Antibiotic prophylaxis is recommended for invasive dental procedures that involve the manipulation of gingival tissue or periapical region or perforation of the mucosa when performed on high-risk individuals [ , ]. Australian guidelines have provided a list of dental procedures that are likely to cause a high incidence of bacteremia that always require prophylaxis as follows [ ]:

  • Tooth extraction

  • Periodontal surgery, subgingival scaling, and root planning

  • Replantation of avulsed teeth

  • Other surgical procedures, such as implant placement or apicoectomy

Procedures that cause a moderate incidence of bacteremia might be considered for prophylaxis if multiple procedures are being conducted, the procedure is prolonged, or in the setting of periodontal disease.
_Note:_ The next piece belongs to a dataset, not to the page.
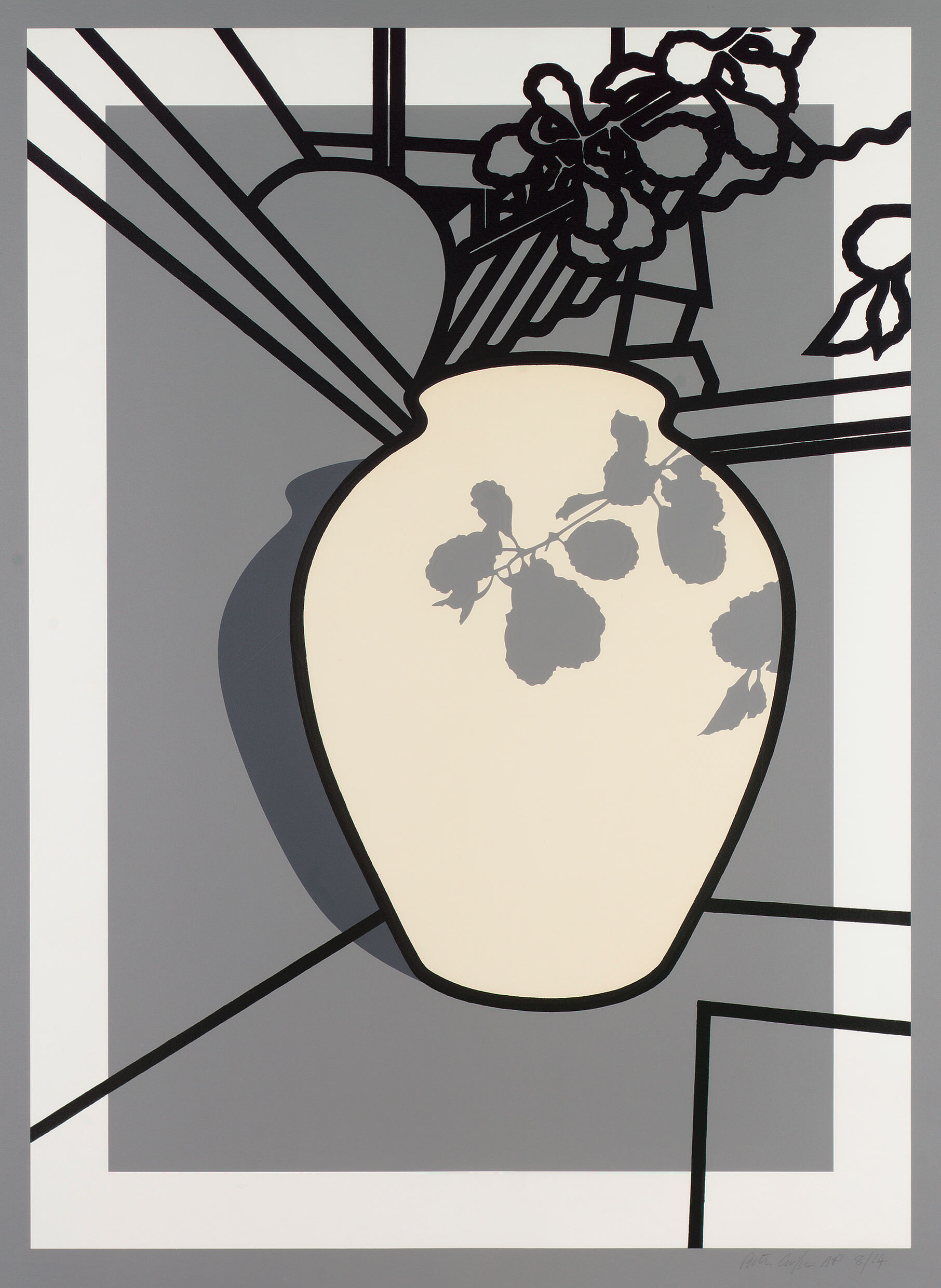 White Pot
Antibiotic prophylaxis is not recommended for procedures with a low possibility of bacteremia, such as

  • Oral examination

  • Local anesthetic injections

  • Dental X-rays

  • Restorative treatment of superficial caries

  • Orthodontic appliance placement and adjustment

  • Following the shedding of deciduous teeth

  • After lip or oral trauma

Body art

Body piercing and tattooing have become very popular among young people. Increasing trends in tattooing and piercing have led to an increase in IE cases related to body art. The tongue, earlobe, and navel were common sites of piercing associated with IE. Tongue and nose piercings were shown to cause endocarditis in young patients without a history of underlying congenital heart disease [ ]. Endocarditis risk related to tattooing seems lower than that of piercing. ESC 2015 guidelines [ ] discourage tattooing and piercing in high-risk individuals. The patients and body art professionals should be informed about the risk of endocarditis. If the patient decides to have piercing/tattooing, it should be performed under strict sterile conditions. However, antibiotic prophylaxis is not recommended for ear and body piercing or tattooing.